## Problem details
Figure out the number of lines in the data that hold the string "scene". Reply with that figure only.

## Source records
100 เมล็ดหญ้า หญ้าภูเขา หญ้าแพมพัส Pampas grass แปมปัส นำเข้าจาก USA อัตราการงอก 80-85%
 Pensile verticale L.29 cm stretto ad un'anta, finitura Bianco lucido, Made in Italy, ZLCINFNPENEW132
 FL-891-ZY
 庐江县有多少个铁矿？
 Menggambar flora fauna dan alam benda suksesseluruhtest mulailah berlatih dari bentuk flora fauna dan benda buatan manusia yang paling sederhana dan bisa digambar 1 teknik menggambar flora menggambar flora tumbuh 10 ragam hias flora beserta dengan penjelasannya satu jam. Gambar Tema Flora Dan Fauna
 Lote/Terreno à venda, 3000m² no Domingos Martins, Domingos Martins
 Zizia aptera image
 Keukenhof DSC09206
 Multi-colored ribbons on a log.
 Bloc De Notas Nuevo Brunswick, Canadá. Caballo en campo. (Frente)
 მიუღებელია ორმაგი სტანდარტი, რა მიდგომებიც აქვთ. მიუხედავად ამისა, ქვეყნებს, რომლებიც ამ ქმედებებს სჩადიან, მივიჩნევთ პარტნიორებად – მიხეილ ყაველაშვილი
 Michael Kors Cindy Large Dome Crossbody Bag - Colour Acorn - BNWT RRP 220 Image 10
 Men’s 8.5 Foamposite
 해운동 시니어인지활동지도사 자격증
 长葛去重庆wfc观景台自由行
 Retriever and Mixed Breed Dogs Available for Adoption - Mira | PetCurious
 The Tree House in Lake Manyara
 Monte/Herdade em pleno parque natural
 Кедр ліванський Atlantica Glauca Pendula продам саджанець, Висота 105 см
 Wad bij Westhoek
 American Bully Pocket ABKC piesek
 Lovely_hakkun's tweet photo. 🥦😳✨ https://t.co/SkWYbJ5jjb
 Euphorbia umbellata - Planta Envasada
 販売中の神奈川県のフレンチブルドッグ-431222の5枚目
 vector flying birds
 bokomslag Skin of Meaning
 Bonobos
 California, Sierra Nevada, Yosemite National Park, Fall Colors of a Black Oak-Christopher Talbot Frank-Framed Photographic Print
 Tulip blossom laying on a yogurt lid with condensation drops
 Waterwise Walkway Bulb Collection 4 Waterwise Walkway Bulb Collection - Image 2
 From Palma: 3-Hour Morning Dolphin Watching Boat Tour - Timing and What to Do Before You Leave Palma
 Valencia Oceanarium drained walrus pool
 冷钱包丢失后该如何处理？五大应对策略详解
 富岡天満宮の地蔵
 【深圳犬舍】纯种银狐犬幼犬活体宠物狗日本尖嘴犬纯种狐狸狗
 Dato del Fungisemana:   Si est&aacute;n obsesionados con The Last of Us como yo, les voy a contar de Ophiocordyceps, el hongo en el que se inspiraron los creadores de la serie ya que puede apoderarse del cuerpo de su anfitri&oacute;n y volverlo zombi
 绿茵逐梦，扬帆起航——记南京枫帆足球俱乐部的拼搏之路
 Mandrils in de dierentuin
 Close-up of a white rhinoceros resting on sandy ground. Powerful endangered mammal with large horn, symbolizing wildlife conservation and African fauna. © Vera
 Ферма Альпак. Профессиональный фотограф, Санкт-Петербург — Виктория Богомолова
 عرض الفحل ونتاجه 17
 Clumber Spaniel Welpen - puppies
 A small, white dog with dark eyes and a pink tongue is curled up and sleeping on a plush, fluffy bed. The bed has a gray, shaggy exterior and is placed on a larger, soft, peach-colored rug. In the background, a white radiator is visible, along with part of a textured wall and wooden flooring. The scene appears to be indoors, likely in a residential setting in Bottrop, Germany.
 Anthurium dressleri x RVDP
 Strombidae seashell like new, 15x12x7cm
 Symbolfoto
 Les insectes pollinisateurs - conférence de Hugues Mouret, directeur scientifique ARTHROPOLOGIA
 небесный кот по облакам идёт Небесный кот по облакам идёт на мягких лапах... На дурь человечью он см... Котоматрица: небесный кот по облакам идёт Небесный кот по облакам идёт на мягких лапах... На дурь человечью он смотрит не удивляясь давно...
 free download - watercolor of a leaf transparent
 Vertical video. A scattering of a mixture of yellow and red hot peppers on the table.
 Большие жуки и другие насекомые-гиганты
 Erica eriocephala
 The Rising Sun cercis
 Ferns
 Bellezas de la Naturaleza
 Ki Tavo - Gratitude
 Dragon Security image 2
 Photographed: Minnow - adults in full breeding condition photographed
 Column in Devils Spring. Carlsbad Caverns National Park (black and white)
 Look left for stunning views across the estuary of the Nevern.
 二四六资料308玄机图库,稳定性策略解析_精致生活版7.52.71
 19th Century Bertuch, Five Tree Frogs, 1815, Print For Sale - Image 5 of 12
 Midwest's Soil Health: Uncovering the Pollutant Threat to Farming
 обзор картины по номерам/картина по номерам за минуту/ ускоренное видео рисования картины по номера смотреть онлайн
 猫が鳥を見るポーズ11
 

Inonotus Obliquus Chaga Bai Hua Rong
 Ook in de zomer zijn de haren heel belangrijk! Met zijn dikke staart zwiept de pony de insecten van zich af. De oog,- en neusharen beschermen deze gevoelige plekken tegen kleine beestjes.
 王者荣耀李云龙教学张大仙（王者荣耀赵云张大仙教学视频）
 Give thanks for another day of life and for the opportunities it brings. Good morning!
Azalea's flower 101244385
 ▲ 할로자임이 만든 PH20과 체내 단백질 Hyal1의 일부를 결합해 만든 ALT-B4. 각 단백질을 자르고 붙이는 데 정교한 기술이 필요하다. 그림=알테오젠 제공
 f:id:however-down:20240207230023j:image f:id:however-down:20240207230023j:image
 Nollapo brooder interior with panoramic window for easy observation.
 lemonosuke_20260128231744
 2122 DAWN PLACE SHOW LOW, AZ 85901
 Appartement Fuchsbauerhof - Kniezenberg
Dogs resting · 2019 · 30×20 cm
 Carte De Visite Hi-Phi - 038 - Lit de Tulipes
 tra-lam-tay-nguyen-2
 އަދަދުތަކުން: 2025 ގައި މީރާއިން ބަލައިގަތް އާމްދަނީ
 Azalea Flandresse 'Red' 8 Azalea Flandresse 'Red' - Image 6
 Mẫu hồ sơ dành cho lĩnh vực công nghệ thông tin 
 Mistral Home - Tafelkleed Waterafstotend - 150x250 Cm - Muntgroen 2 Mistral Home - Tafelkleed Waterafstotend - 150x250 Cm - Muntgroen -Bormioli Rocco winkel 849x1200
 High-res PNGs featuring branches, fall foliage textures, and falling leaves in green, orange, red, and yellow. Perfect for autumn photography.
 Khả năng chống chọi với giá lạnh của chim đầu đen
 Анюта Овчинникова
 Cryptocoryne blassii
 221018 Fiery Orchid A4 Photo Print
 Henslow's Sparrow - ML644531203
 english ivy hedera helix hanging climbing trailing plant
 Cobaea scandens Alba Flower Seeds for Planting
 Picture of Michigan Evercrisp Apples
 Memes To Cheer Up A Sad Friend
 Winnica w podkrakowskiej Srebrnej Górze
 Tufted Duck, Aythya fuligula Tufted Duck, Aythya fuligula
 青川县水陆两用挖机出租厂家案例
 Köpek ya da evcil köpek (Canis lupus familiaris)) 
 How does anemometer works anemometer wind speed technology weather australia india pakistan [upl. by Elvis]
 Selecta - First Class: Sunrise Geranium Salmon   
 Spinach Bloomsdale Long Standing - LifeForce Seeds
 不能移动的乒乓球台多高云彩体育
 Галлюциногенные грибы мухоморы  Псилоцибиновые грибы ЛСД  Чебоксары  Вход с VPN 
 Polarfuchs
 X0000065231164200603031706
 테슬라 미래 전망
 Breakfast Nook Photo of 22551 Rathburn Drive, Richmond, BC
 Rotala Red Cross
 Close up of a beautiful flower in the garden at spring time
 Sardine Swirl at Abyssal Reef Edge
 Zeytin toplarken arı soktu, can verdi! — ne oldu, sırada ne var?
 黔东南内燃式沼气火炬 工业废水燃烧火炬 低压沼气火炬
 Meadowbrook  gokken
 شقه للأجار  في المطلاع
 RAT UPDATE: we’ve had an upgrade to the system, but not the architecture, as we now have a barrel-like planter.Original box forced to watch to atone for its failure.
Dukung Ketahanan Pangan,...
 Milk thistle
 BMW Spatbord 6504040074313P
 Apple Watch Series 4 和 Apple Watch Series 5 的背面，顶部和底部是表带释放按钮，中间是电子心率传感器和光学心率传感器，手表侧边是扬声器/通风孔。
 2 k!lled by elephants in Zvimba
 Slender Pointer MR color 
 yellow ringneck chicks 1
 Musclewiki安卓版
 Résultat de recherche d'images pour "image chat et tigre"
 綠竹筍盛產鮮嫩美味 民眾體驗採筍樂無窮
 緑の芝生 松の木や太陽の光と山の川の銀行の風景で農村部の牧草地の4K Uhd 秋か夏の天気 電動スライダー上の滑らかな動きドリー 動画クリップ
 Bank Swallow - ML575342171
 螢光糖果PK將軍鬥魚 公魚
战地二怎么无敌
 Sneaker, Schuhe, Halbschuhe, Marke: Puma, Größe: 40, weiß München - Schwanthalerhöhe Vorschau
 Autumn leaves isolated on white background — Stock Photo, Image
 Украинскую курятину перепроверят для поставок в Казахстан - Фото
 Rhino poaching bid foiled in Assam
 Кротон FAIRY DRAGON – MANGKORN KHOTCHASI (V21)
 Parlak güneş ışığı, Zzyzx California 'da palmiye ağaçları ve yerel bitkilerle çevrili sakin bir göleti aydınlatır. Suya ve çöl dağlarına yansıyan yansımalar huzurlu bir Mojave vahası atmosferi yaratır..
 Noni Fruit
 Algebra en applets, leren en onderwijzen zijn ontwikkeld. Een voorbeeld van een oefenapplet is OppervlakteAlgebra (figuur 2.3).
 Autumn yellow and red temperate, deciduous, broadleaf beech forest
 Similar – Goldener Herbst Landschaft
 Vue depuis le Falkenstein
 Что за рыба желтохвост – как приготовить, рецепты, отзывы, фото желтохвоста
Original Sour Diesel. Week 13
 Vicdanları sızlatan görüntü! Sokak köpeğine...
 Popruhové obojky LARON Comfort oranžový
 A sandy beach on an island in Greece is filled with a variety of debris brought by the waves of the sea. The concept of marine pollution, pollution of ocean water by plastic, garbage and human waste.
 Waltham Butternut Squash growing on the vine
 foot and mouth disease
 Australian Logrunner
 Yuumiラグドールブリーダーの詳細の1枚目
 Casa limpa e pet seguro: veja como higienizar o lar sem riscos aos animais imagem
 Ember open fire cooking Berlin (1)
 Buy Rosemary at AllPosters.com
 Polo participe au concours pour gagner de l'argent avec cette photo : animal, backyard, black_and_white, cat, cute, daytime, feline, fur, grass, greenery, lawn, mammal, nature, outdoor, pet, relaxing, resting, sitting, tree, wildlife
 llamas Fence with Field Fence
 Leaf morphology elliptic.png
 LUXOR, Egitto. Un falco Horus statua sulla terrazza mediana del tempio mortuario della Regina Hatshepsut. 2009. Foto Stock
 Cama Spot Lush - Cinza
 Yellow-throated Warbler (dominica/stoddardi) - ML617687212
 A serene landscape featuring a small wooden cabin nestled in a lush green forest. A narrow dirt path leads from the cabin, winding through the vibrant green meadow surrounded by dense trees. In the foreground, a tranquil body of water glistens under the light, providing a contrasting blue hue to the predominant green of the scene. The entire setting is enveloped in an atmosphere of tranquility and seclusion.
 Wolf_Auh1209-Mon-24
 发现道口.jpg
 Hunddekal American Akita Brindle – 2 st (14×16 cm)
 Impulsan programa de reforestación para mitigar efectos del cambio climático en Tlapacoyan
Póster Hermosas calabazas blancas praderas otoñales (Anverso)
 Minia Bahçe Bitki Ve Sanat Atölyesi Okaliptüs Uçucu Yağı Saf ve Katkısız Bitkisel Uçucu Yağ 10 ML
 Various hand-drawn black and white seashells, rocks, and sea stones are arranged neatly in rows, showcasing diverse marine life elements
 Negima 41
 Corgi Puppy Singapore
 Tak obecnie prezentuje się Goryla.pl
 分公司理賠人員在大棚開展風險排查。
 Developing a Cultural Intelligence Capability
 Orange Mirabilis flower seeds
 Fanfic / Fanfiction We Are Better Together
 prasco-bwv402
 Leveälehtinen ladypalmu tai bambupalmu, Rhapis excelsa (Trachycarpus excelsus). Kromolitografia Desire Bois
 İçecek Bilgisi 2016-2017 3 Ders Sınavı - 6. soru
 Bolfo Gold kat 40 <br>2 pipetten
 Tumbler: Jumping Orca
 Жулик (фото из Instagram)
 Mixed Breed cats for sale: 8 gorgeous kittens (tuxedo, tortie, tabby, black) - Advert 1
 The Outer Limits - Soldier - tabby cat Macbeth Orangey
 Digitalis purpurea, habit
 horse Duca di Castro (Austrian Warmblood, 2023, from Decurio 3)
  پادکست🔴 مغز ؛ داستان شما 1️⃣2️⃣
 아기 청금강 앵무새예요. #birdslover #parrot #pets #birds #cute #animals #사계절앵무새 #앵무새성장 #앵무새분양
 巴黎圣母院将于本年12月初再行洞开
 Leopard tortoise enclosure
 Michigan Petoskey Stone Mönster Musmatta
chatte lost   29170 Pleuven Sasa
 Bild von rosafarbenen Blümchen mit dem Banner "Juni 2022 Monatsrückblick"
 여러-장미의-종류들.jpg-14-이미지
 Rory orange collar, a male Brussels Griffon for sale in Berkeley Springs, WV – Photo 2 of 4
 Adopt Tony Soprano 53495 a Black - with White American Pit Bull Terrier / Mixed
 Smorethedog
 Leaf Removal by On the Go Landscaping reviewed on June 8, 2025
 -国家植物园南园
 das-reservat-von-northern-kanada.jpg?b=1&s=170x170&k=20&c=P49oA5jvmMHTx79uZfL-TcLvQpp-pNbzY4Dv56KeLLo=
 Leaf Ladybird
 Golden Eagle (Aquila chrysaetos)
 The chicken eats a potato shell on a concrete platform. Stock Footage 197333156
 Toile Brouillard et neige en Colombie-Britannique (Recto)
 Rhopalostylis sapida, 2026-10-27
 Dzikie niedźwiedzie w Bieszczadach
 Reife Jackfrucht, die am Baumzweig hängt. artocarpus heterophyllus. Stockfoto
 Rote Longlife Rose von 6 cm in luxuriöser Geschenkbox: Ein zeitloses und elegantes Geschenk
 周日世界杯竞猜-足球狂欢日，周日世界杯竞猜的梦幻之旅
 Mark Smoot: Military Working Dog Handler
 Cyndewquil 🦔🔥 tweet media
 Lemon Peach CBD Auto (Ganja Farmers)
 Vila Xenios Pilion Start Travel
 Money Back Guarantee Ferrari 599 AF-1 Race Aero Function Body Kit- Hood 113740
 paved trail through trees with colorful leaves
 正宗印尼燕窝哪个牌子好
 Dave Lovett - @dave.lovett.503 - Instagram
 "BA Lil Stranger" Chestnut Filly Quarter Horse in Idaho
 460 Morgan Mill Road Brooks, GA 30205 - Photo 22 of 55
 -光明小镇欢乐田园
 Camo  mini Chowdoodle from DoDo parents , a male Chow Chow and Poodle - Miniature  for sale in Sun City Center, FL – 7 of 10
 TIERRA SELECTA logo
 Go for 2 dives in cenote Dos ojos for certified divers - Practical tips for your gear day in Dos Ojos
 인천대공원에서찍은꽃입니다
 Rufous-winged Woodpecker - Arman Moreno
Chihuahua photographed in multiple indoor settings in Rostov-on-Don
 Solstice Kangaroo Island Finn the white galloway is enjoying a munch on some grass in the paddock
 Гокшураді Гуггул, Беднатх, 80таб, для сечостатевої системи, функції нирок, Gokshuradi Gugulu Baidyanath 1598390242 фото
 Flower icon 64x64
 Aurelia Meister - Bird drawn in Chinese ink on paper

## Response
2